Cuando era adolescente me gustaba escuchar a José Luis Sampedro, me
ponía sus entrevistas y me podía pasar las horas muertas escuchándolo, aún de
vez en cuando lo hago. Él me daba otra visión del mundo, hablaba con humildad de
cosas de las que nadie hablaba y con una lucidez que me asombraba.
Nada es sencillo. Todos tenemos que vivir con nuestras
contradicciones, recorrer las secretas galerías de nosotros mismos, como él
decía, de manera incansable, para entendernos mejor, para poder ahuyentar los
fantasmas en las noches difíciles, para poder mirarnos al espejo sin ser
demasiado duros con nosotros. Sampedro sabía esto y sabía mucho más, él me
devolvía el optimismo en una época en la que me costaba encontrar claridad.
Porque su voz era una voz que nada pretendía, limpia, que casi a sus noventa
años de entonces, sonaba tan potente que aún hoy la sigo oyendo. Era la voz de alguien que había vivido mucho,
demasiado si se piensa en todos los acontecimientos históricos que ocurrieron
mientras duró su vida. Había vivido mucho y había logrado comprender, algo, de
lo absurda, cruel y bella que puede ser la vida. Por eso él miraba de otra
forma la realidad y ya no tenía prisa por llegar a ningún lado.
Quizá sea esa una buena manera de acabar nuestros días, quizá nuestra
máxima aspiración debiera ser llegar a la madurez con la serenidad de quien ha
comprendido, despojados de esa ansiedad vital, de esa enajenación mental en la
que parece que andamos siempre inmersos. Quizá esa sea la máxima felicidad a la
que podemos aspirar.
Una voz lucida que nos despierta, que da respuestas a preguntas que
nunca nos habíamos hecho, que nos conecta de nuevo con nosotros o que nos hace
sentir que no estamos tan solos ni tan locos. Voces que nos sacan los colores
cuando nos explican la otra versión de la Historia.
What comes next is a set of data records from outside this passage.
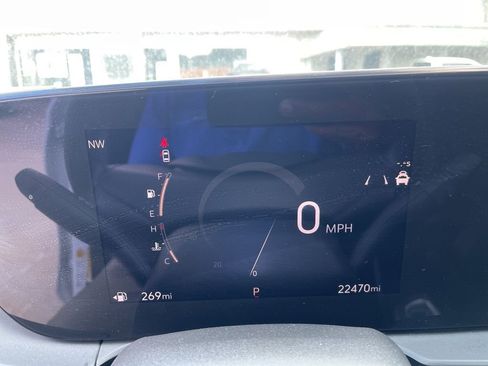 Used 2025 Buick Envista Preferred image 11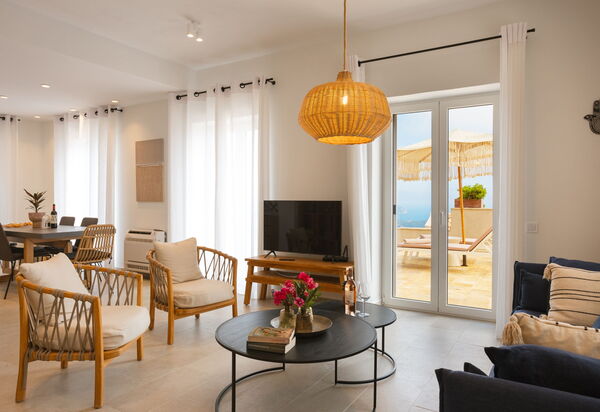 Villa Thea Mare Levantes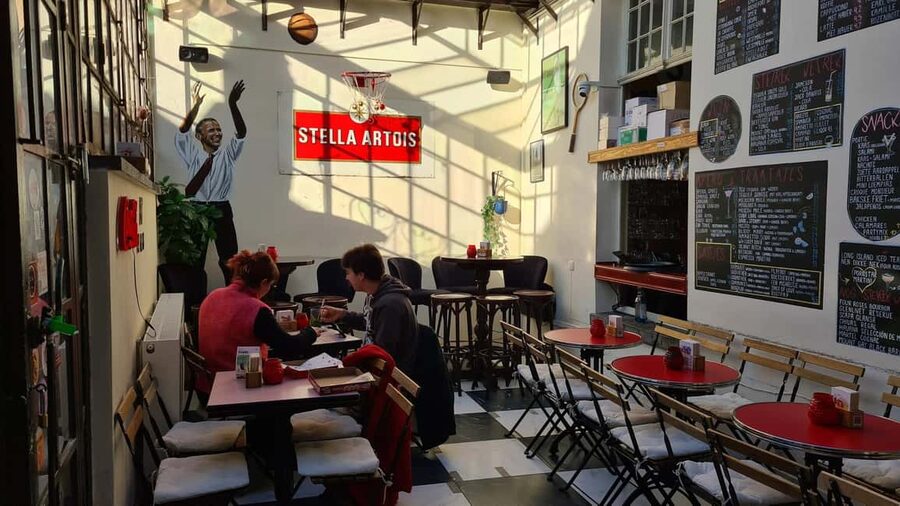 Antwerp: Pub Crawl in the Historical City - Accessibility and who should book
Voces que dan voz a
aquellos que son silenciados. ¡Qué necesarias son las voces como la de José
Luis Sampedro! ¡Cómo se ilumina el alma cuando se escucha a alguien que destila
verdad! Y qué difícil de asumir cuando estas voces se apagan. Que, como el niño
que aprende andar, tendremos que caminar con alguien menos que nos coja de la
mano o que nos recuerde que el camino correcto no es siempre el más concurrido.
Nos soltó de la mano Saramago, nos dejó a solas con nuestra torpeza José Luis
Sampedro y lo hizo también Eduardo Galeano que como tantos otros, hoy se fue
con su voz a otro lugar dejándonos un poco más desamparados.
Una necesita buscar esas voces entre tanto ruido, rescatar un pedazo
de verdad y de poesía entre la maraña diaria. Una necesita escuchar a aquellos
que ven la realidad desde otra perspectiva, con una mirada más serena y más
justa. Una necesita a aquella gente que decía Pérez Reverte: “de dormir inquieto, peligrosa y viva”. Para
seguir aprendiendo, para seguir haciéndome preguntas y para tratar de encontrar
alguna certeza que me salve del vértigo.